You should read the declaration; it is a masterpiece. And Thomas Jefferson stole pieces of its wording, as well as its foundational idea, to write the American Declaration of Independence.
The abbey seemed to fascinate and sober everyone at the same time. Several people made comments paralleling Scotland’s troubled divisions to modern-times America. Which led to one of the first political arguments of the trip, as Lulu and Harry engaged. Good points were made, honest questions asked, and freedom to argue rang through the van until somebody broke out some millionaire shortbread and we all got too much caramel in our mouths to keep talking. When all the people can eat, there is sweet peace.
Our next stop was Dundee, Scotland’s answer to Pittsburgh. It’s got some culture spots (and an awesome bakery) but mostly it’s a seedy little working class town. Zahnke party of three headed for the Discovery, Harry and Andrea went to the Victoria and Albert museum, Maria sought donuts at the specialty bakery, and Cassidy stared in horror at the driech city and said she’s stay on the bus.

I know from my many times telling stories at the Dundee library that there’s a dragon carved on one of the streets, so I raced to visit him and fit in a few thrift stores. (Even these couldn’t entice Cassidy away from the safety of the van!)

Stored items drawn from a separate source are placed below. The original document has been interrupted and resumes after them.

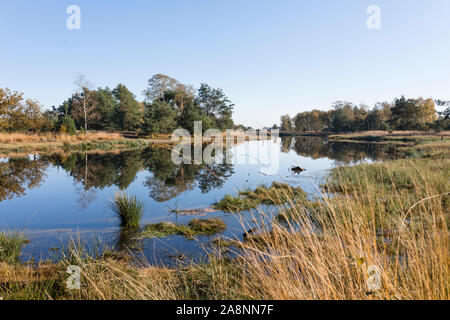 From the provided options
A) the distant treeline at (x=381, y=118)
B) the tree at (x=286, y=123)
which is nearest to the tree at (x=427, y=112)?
the distant treeline at (x=381, y=118)

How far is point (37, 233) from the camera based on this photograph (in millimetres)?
5480

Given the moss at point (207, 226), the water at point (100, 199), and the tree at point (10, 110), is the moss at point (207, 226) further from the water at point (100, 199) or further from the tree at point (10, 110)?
the tree at point (10, 110)

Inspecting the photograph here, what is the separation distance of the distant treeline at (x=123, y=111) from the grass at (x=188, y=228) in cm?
2691

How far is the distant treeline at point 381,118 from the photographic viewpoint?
49.0 metres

Andrea had a good moment at the train station near the museum. We had been encouraging all the musicians on the trip to take part in ongoing ceilidhs, but Andrea declared herself on vacation from her position as church pianist. The piano at the train station enticed her and she played a few pieces, to the delight of a few passersby.
When we left, Cassidy summed up the opinions of the group: okay, now we’ve seen working modern Scotland, but we liked the castles and history version better.
Off to Keavil House hotel in Dunfermline we went, but with one more stop to visit an old friend. Duncan Williamson’s grave is in Strathmiglo (also the home of the Johnny Cash family’s ancestors). We always put a rock on the grave and say hey, buddy; he’s another voice we miss in the world.

And there was a nice quiet dinner replete with steak and kidney pie in the sunny solarium-dining room, and there was sleep, and that was the ninth day.